Intro to Large Language Models (LLMs): concepts, tooling, and pitfalls
Sep 12, 2025•
aillmnlprag
• 0
Large Language Models (LLMs) are probability machines trained to predict the next token (piece of text) given context. With enough data and compute, they learn useful capabilities: reasoning, translation, extraction, code generation, and conversation.
Key concepts in 3 minutes
- Tokens: Models read/write tokens, not characters. Cost and limits are per token.
- Context window: Max number of tokens a model can consider at once. Long context helps, but retrieval is still essential.
- Embeddings: Fixed‑length vectors that represent text meaning. Used for search, clustering, and Retrieval‑Augmented Generation (RAG).
- RAG: Fetch relevant snippets from your data (via embeddings + vector DB) and provide them as context to the model.
- Fine‑tuning: Train the model on your examples to nudge behavior; best for narrow formats/style, not new knowledge.
- Function/tool calling: Let the model request tools (DB queries, APIs) and you execute them.
When to use LLMs
Great for:
- Natural language interfaces, summarization, structured extraction
- Drafting emails/docs, writing tests, code review assistants
- Search and Q&A over private data (with RAG)
Not ideal for:
- Exact arithmetic, hard real‑time constraints, or tasks with zero tolerance for hallucinations without guardrails.
Minimal building blocks
- Prompting: Give clear instructions, role, format, and examples.
- Retrieval: Embed your documents and retrieve top‑k relevant chunks.
- Guardrails: Validate output, enforce JSON schemas, check policies.
- Evaluation: Measure quality with golden tests and automated judges.
Prompting template (baseline)
System: You are a concise, truthful assistant. If unsure, say you don't know.
User: {question}
Context (non‑public):
{top_k_snippets}
Instructions:
- Cite sources by title.
- Return JSON with fields: answer, sources.
Retrieval pipeline (pseudocode)
from my_embeddings import embed
from my_llm import generate
def answer(query):
q_vec = embed(query)
docs = vector_store.similarity_search(q_vec, top_k=5)
prompt = TEMPLATE.format(question=query, top_k_snippets=format_docs(docs))
out = generate(prompt, response_format={"type": "json_object"})
return validate(out)
Choosing a model
- Start with a capable general model (GPT‑4o‑mini/4.1‑mini, Claude‑3.5 Sonnet, Llama‑3.1 70B). Use smaller models for low‑latency or edge.
- Consider latency, cost per 1K tokens, context length, and tool‑use quality.
Fine‑tuning vs RAG
- Use RAG when answers depend on your changing knowledge base.

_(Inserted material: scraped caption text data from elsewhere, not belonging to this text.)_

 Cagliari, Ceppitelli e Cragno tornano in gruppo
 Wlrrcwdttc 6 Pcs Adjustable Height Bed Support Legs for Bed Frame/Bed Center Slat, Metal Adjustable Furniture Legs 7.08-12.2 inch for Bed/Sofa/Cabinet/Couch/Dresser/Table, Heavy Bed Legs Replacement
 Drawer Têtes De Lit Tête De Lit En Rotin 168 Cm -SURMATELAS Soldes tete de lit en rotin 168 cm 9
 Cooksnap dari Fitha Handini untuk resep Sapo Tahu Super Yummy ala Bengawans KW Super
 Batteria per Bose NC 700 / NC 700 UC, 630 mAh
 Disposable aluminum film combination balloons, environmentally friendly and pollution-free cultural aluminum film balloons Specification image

- Use fine‑tuning for formatting/style or to reduce prompt complexity; keep training sets small but clean.
Output control
- Ask for structured output (JSON) and validate against a schema.
- Post‑process with deterministic code; never blindly trust free‑text.
Hallucinations and safety
- Provide sufficient context; add citations and confidence.

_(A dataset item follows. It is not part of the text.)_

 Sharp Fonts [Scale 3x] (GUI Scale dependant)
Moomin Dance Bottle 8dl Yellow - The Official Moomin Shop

- Add refusal rules (no medical/legal advice), profanity filters, and PII scrubbing where needed.
Evaluation (don’t skip this)
- Create a test set of real prompts + expected outputs.
- Use metrics: accuracy/F1 for extraction, preference votes for generation, latency, and cost.
- Run evals on every change (like unit tests for prompts).
Cost & performance tips
- Chunking: 300–800 tokens per chunk with overlap works well for RAG.
- Caching: Cache embeddings and successful completions.
- Streaming: Stream tokens to improve UX.
- Batching: Batch embeddings and tool calls.
Quick start (generic HTTP call)
curl https://api.llm.example/v1/chat/completions \
-H "Authorization: Bearer $API_KEY" \
-H "Content-Type: application/json" \
-d '{
"model": "my-llm",
"messages": [
{"role":"system","content":"You are concise and truthful."},
{"role":"user","content":"Give me 3 bullet points on vector search."}
],
"temperature": 0.2
}'
Checklist for production LLM features
- Clear prompts with examples and strict output schemas
- Retrieval with high‑quality embeddings and chunking
- JSON validation + fallbacks + retries
- Telemetry (prompt, latency, tokens, cost, outcomes)
- Evals and canary rollouts before enabling for all users
- Red‑team tests and safety filters
LLMs are powerful generalists. Pair them with retrieval, guardrails, and rigorous evaluation, and you can ship reliable, delightful features.